Unlocking the Hidden Source of Phenyl Sulfate and Role in the Atmosphere: Alkali-Catalyzed Barrierless Formation Mechanism and Impact on Aerosol Nucleation

Phenyl sulfate (PhOSO₃ H), a key organosulfate in atmospheric particles, exerts significant impacts on air quality and human health, yet its formation mechanisms and role in aerosol nucleation remain unclear.
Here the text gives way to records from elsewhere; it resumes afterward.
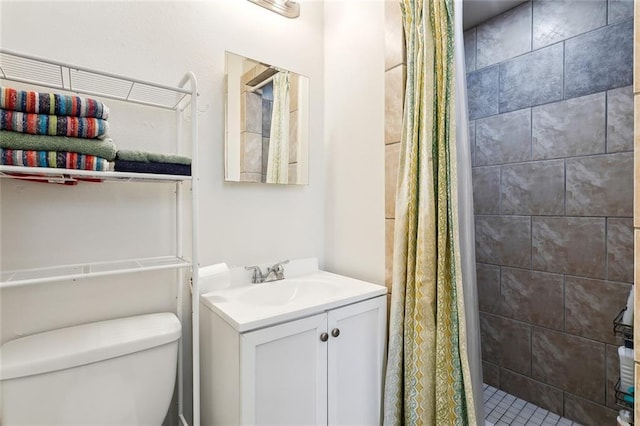 bathroom with toilet, vanity, and a shower with shower curtain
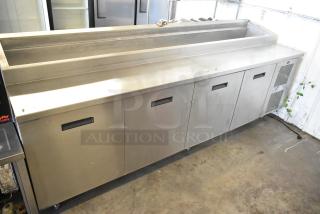 Randell 84111NM stainless steel commercial pizza prep table, 115 volts, 1 phase, with storage compartments, in good condition.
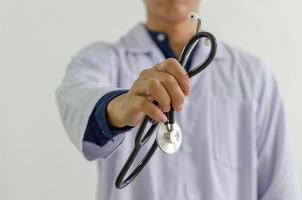 Close up of the doctor hand holding a medical stethoscope photo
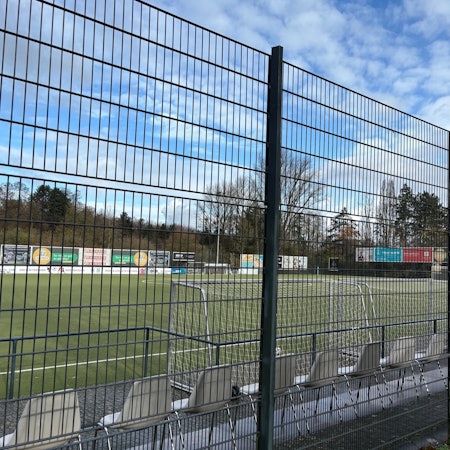 Auf dem Bild ist ein Sportplatz hinter einem Zaun zu sehen.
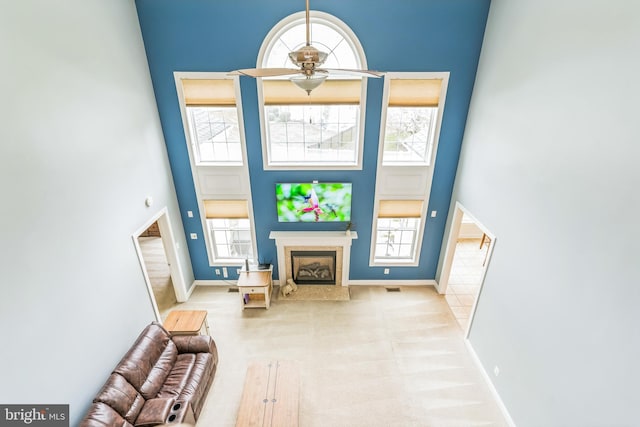 41430 Whimsical Ct, Leonardtown, MD 20650 - living area featuring a high end fireplace, baseboards, a towering ceiling, and ceiling fan
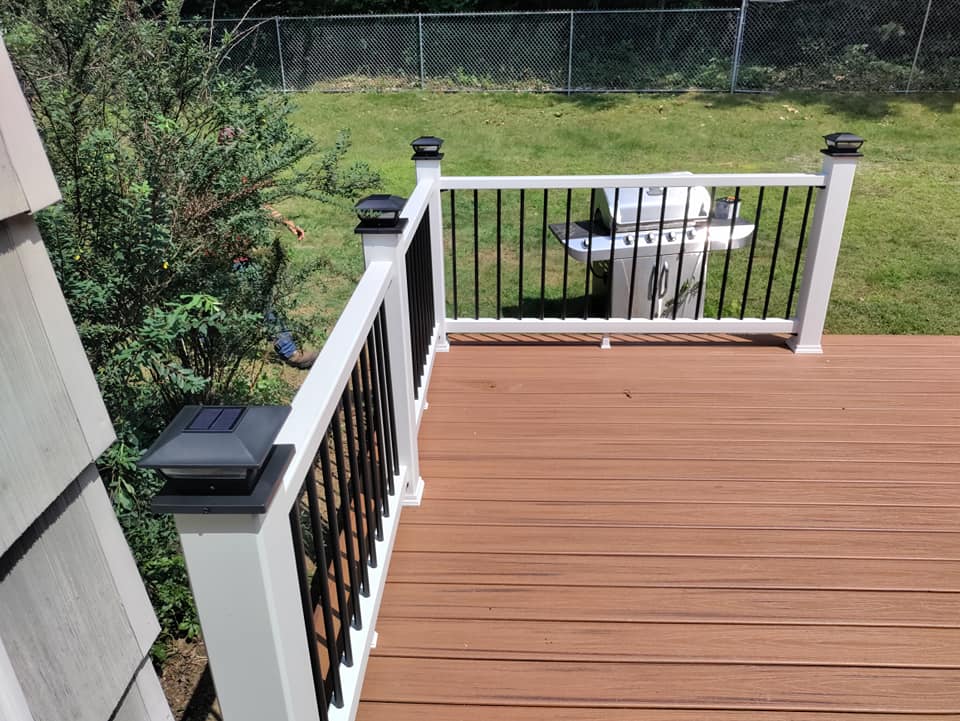 A wooden deck with a white railing and a fence in the background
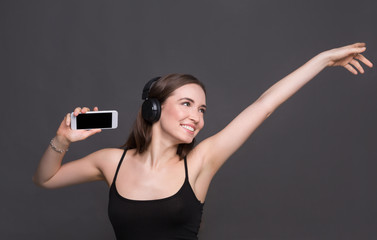 Woman listen to music in earphones, studio shot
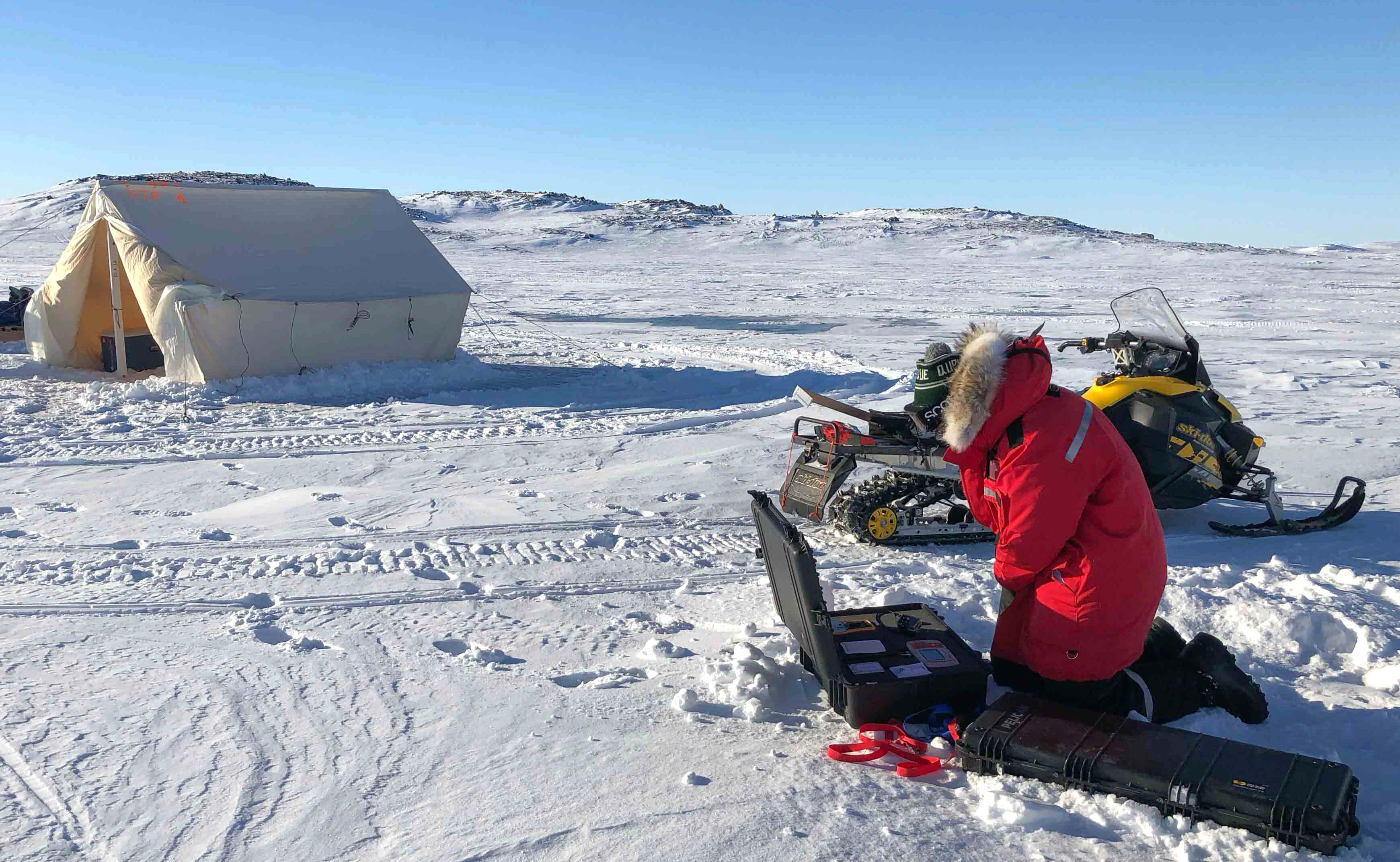 Sentinel North International Arctic Field School - Scientist deploying a sensor near Iqaluit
Herein, we identify a novel pathway for PhOSO₃ H formation via reactions between phenol (PhOH) and SO₃ , catalyzed by prevalent atmospheric species (H₂ O, H₂ SO₄ , NH₃ , HCOOH, HNO₃ , and CH₃ NH₂ ), through ab initio calculations and kinetic analysis. Our results reveal that these atmospheric constituents enhance PhOSO₃ H production, with alkaline molecules (NH₃ and CH₃ NH₂ ) exhibiting exceptional catalytic efficiency by rendering the reaction nearly barrierless. Importantly, NH₃ and CH₃ NH₂ further stabilize PhOSO₃ H to form clusters through hydrogen bonding and π–π, CH−π, and NH−π interactions, facilitating further nucleation. Moreover, we found that PhOSO₃ H–CH₃ NH₂ nucleation proceeds without barriers under low-temperature conditions of 248.15 K. The nucleation rate enhanced by CH₃ NH₂ exceeds that of NH₃ by 5 orders of magnitude, though NH₃ ’s abundance (up to ppbv levels) in the atmosphere necessitates consideration of both CH₃ NH₂ - and NH₃ -enhanced PhOSO₃ H formation and nucleation. In the upper free troposphere, PhOSO₃ H–NH₃ nucleation dominates due to CH₃ NH₂ scarcity. This study provides mechanistic insights into PhOSO₃ H formation and its role in particle nucleation, advancing our knowledge of organosulfates in atmospheric chemistry and environmental impacts.